Print exactly the lines below between the line containing "Peck & Peck" and the line containing "Você Sabia Que", counting both of those lines. Leave pictures out.

------

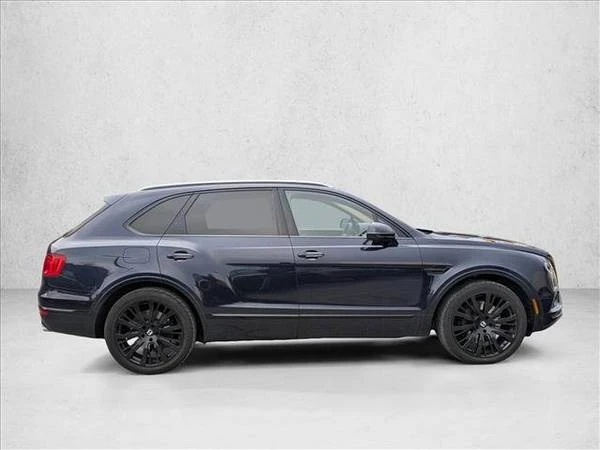2017 Bentley Bentayga - Image 4 of 16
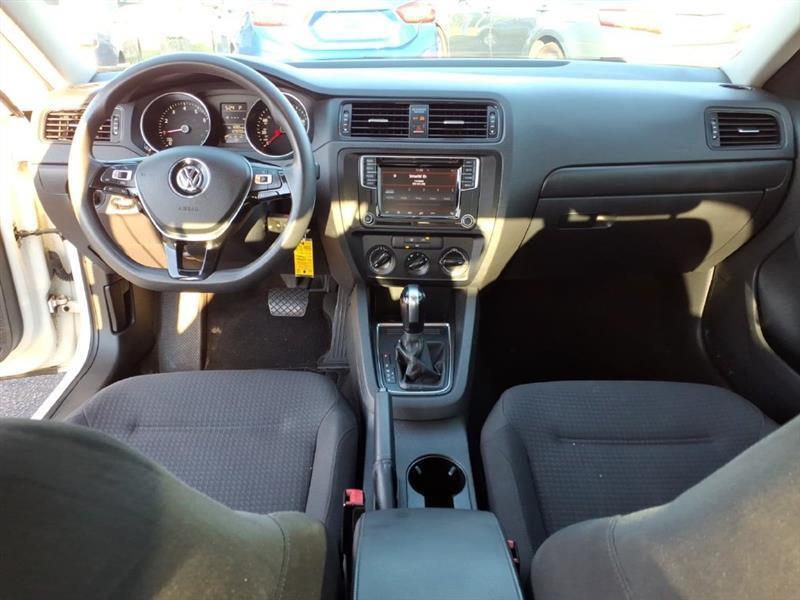 Volkswagen Jetta 1.4T S 6A 2016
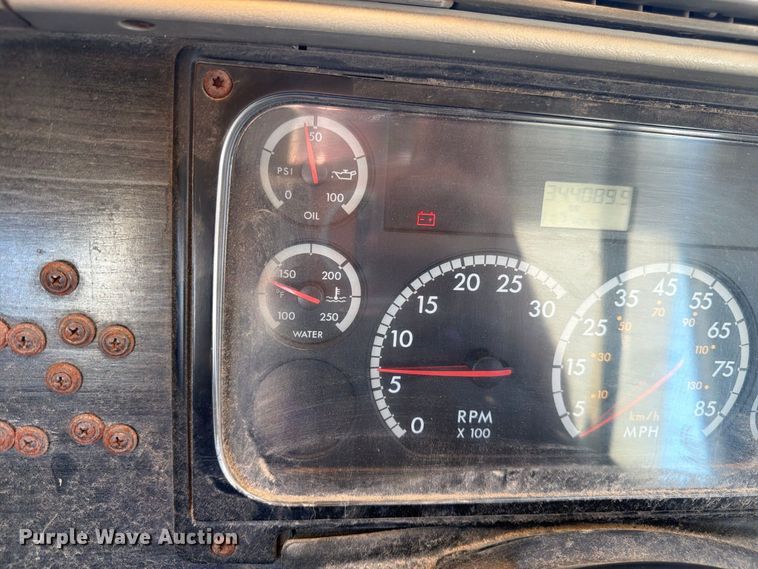 image for item ER3474 2004 Freightliner Columbia 120 fertilizer tender truck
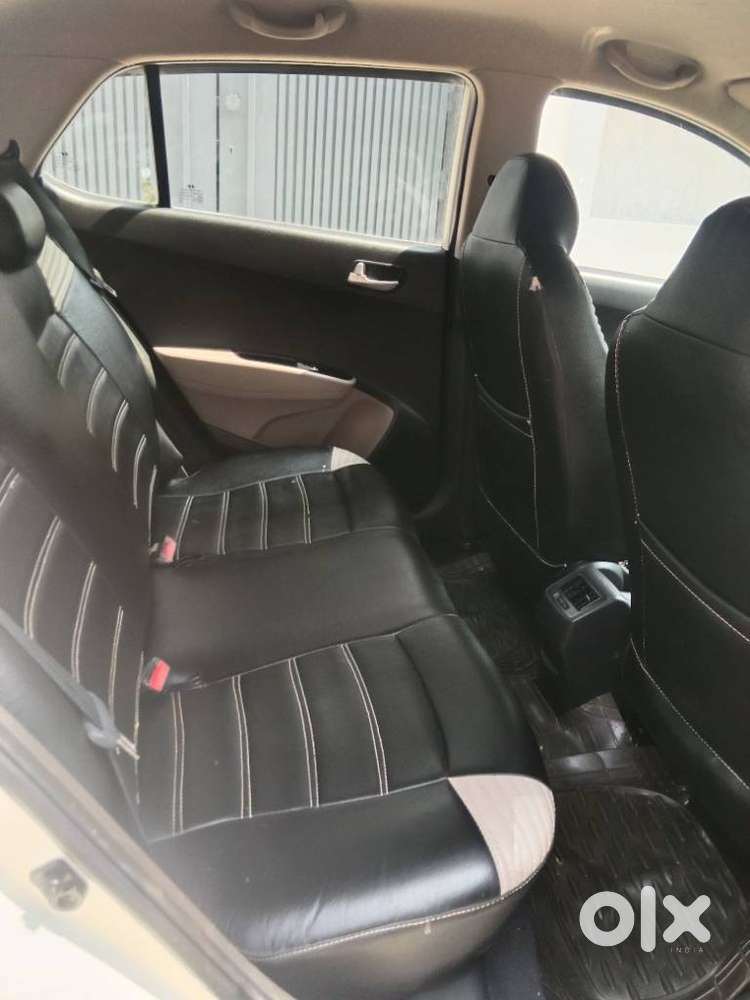 Hyundai Grand I10 Asta Option, 2017, Petrol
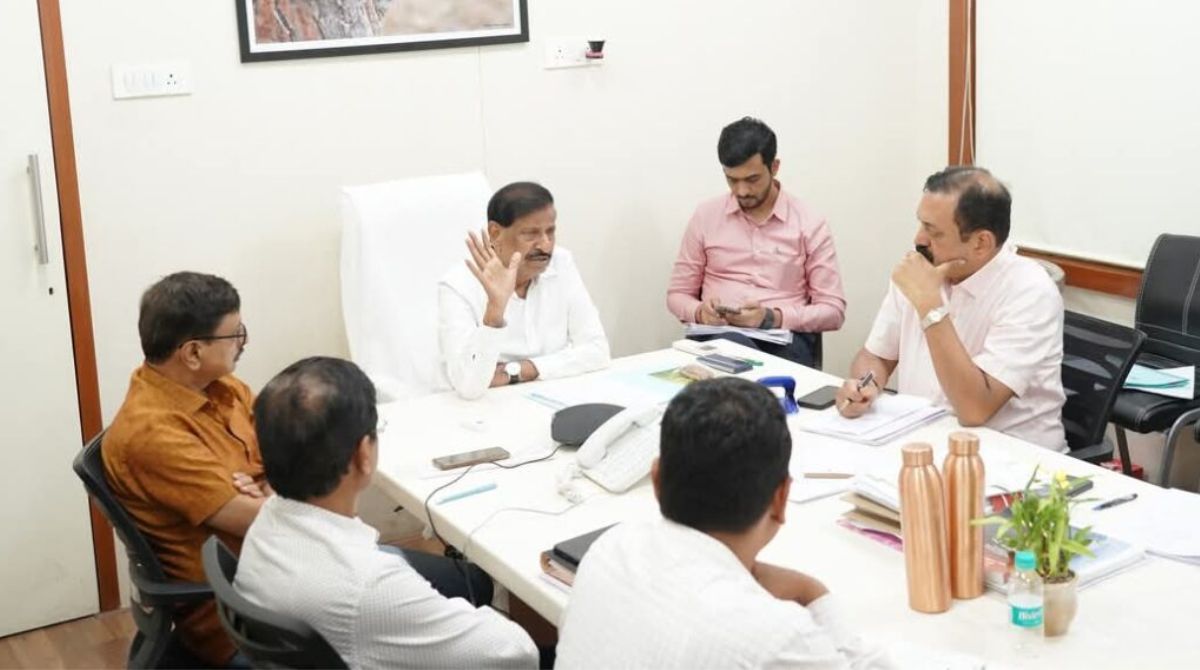 कोकणातील माकडे व वानरांच्या निर्बीजीकरणासाठी केंद्र उभारण्याचा प्रस्ताव विचाराधीन: वन मंत्री गणेश नाईक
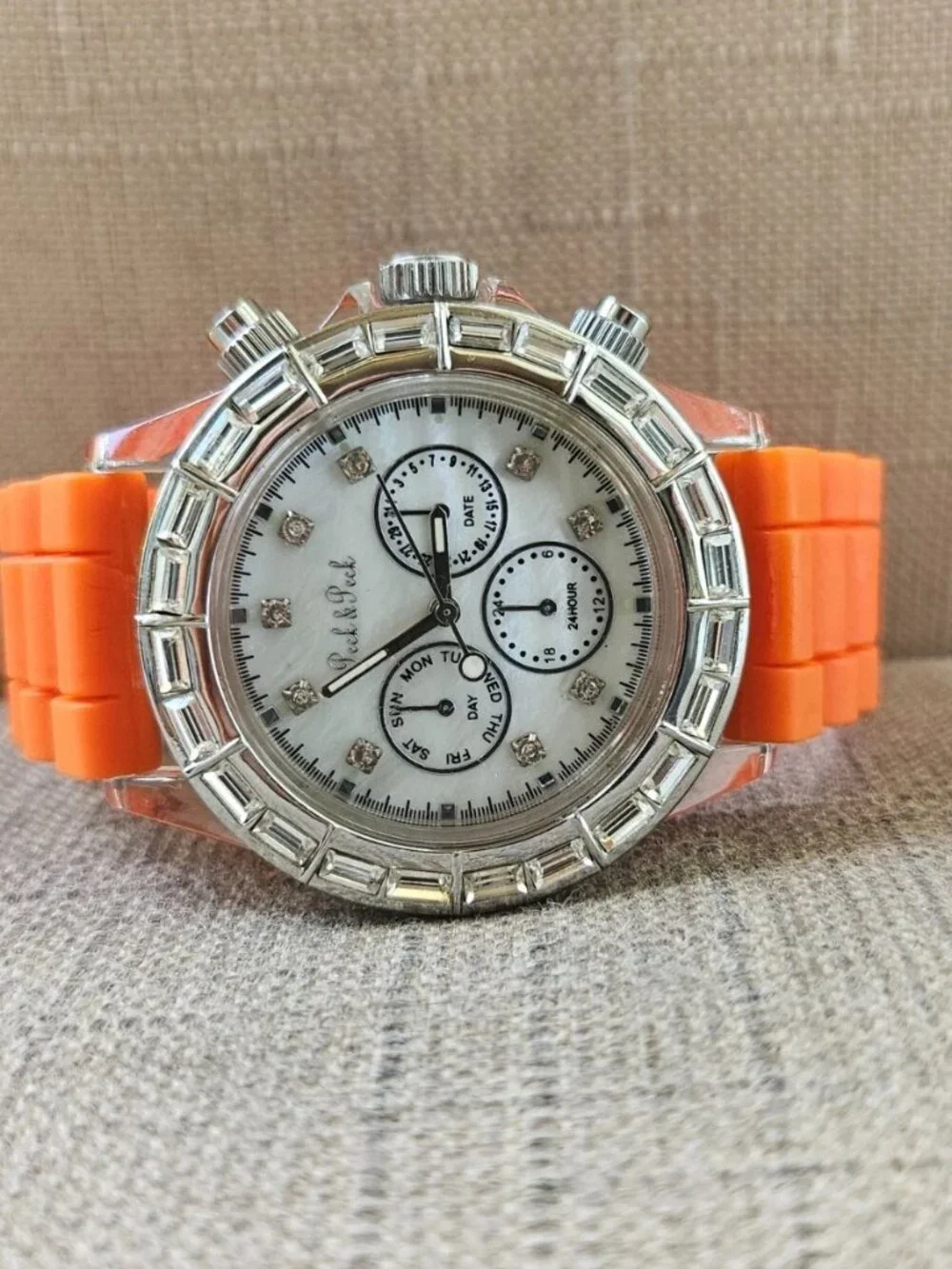Peck & Peck Wristwatch Crystals Accent Bezel Analog Quartz Fashion Unisex Watch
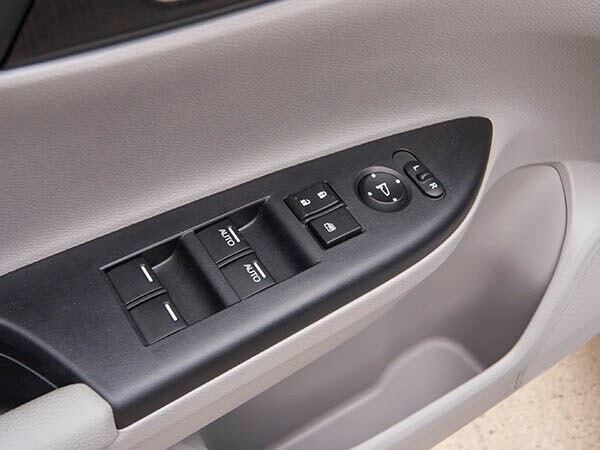 2014-honda-accord-ex-interior-02-600-001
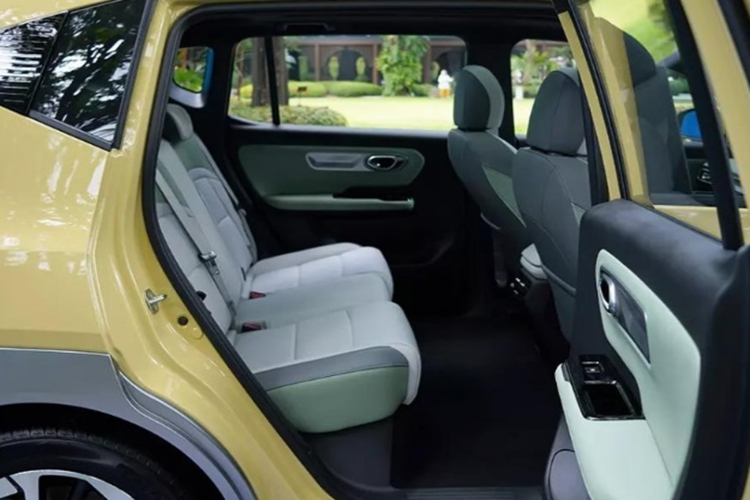 Khoảng duỗi chân dành cho hành khách phía sau lên đến 1.022 mm, được khẳng định là rộng hàng đầu phân khúc. Xe được trang bị các tiện ích như: ghế lái chỉnh điện 6 hướng, vô lăng chỉnh 2 hướng, bảng đồng hồ kỹ thuật số 10,25 inch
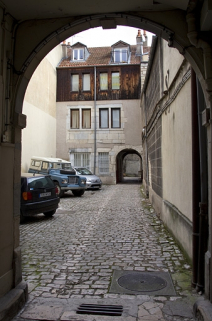 Vue d'ensemble du premier logis secondaire au fond de la première cour. © Région Bourgogne-Franche-Comté, Inventaire du Patrimoine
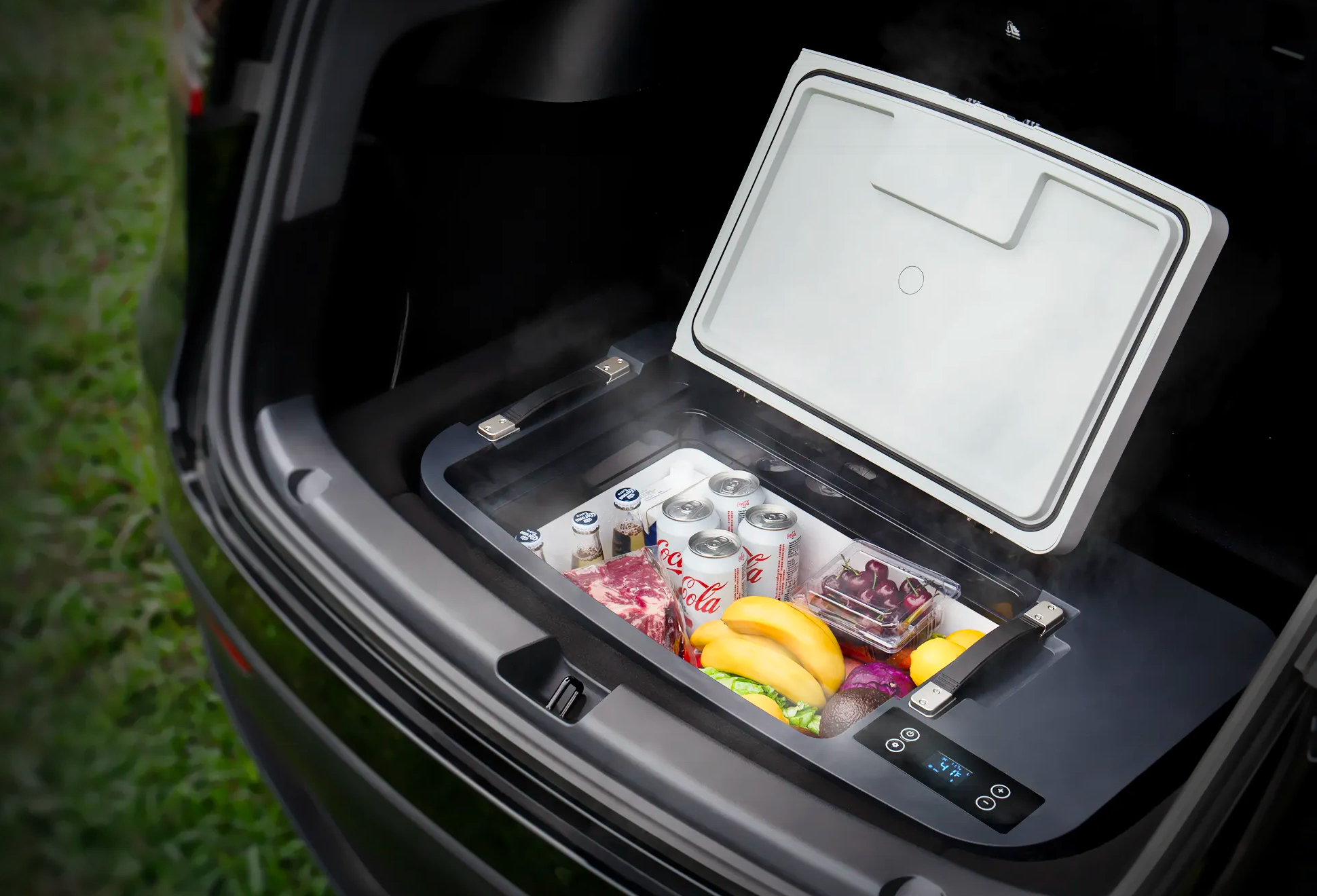 Você Sabia Que O Seu Tesla Pode Ter Um Freezer No Porta-malas? Tesla Sub Trunk Freezer - Image
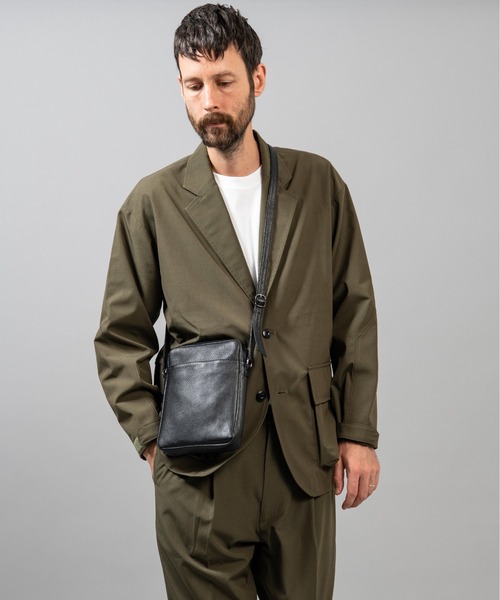MR.OLIVE(ミスターオリーブ)の「ミラノグラインレザー/ヴァーティカル ミニスクエアショルダーバッグ(ショルダーバッグ・メンズ・ブラック/ホワイト系その他・FREE)」の8枚目の写真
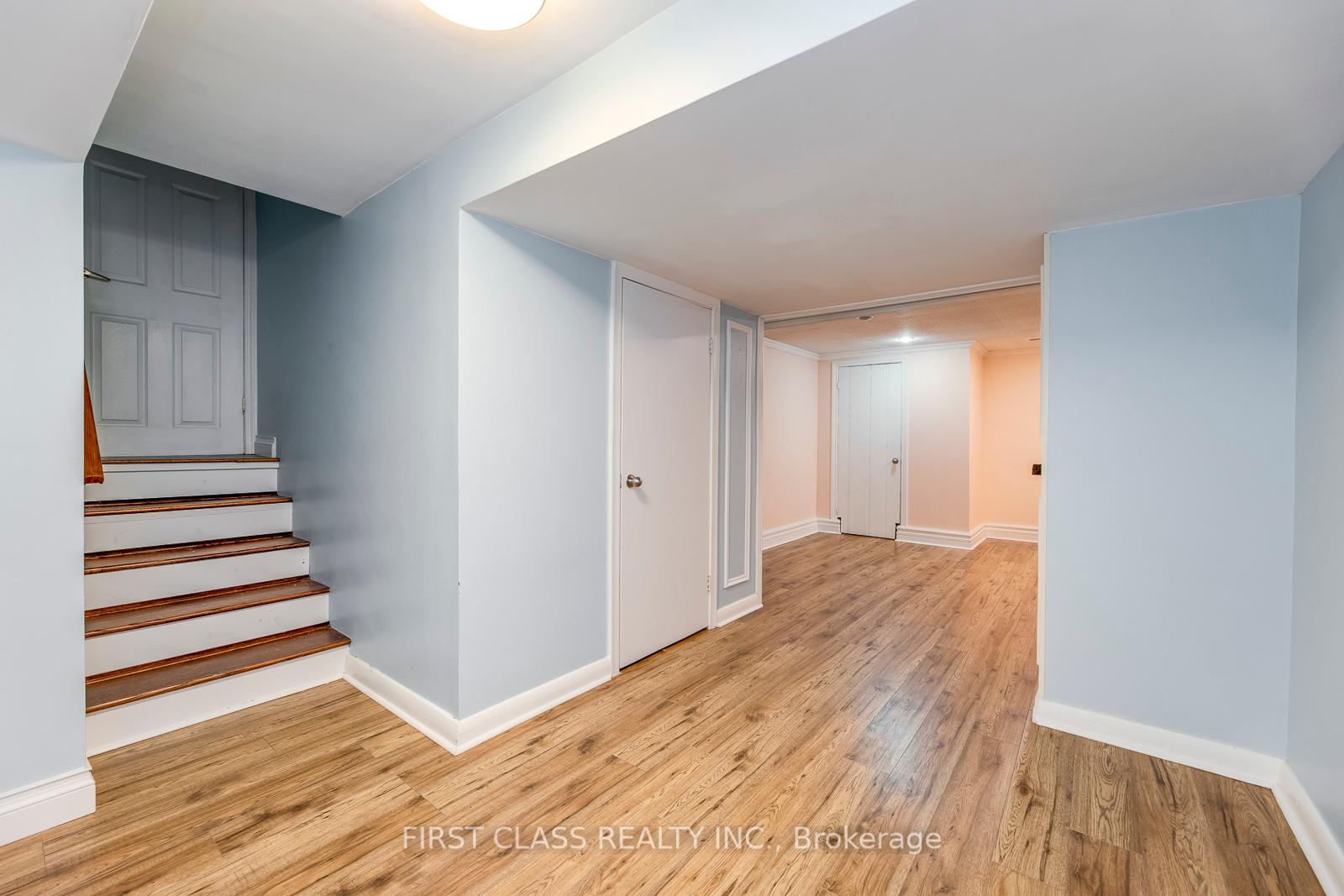 25 Whittaker Cres, Toronto, ON M2K1K7 | 4 Bedroom 3 Bathroom Detached House | Image 25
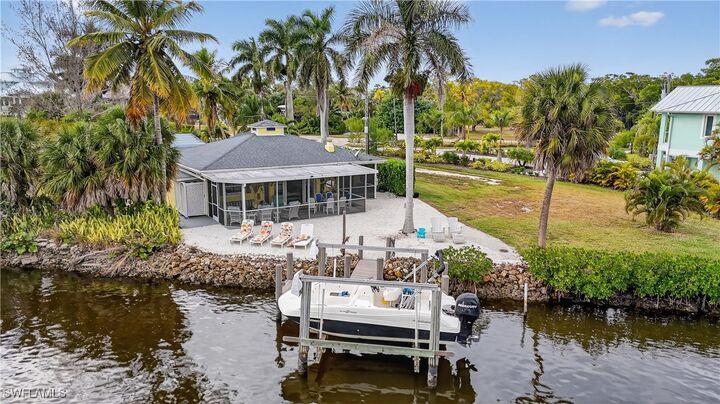 Property Photo: 27526 Big Bend Road FL 34134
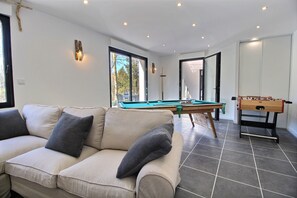 Game room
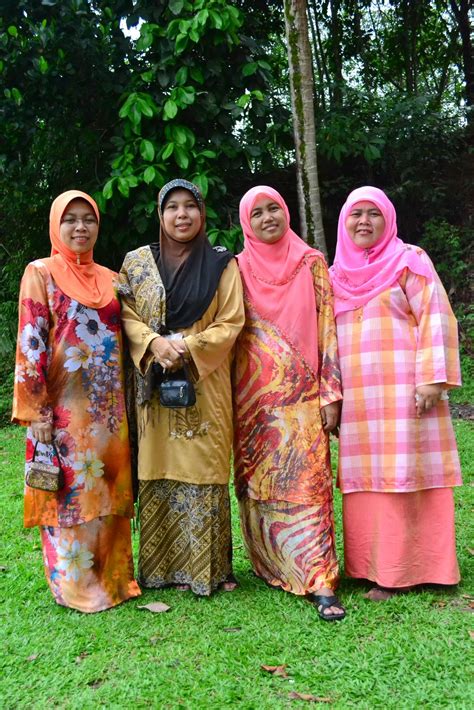 Telefilem dengan beetle kami beraya full ajak shiro, sharifah sakinah, reen rahim, normah damanhuri. CHE MID: Beraya di Kuala Lipis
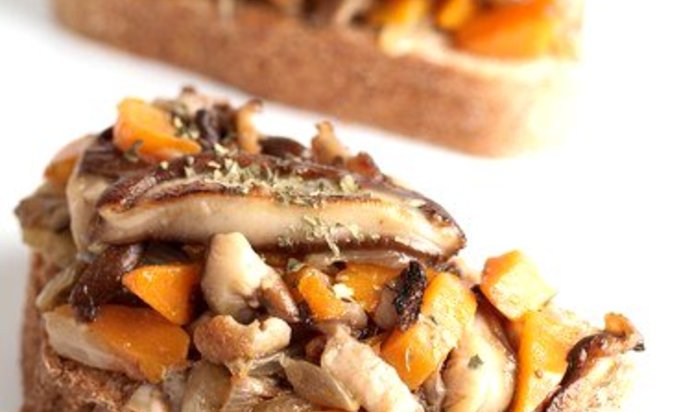 Тосты с грибами и тыквой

------

Answer:
Peck & Peck Wristwatch Crystals Accent Bezel Analog Quartz Fashion Unisex Watch
 2014-honda-accord-ex-interior-02-600-001
 Khoảng duỗi chân dành cho hành khách phía sau lên đến 1.022 mm, được khẳng định là rộng hàng đầu phân khúc. Xe được trang bị các tiện ích như: ghế lái chỉnh điện 6 hướng, vô lăng chỉnh 2 hướng, bảng đồng hồ kỹ thuật số 10,25 inch
 Vue d'ensemble du premier logis secondaire au fond de la première cour. © Région Bourgogne-Franche-Comté, Inventaire du Patrimoine
 Você Sabia Que O Seu Tesla Pode Ter Um Freezer No Porta-malas? Tesla Sub Trunk Freezer - Image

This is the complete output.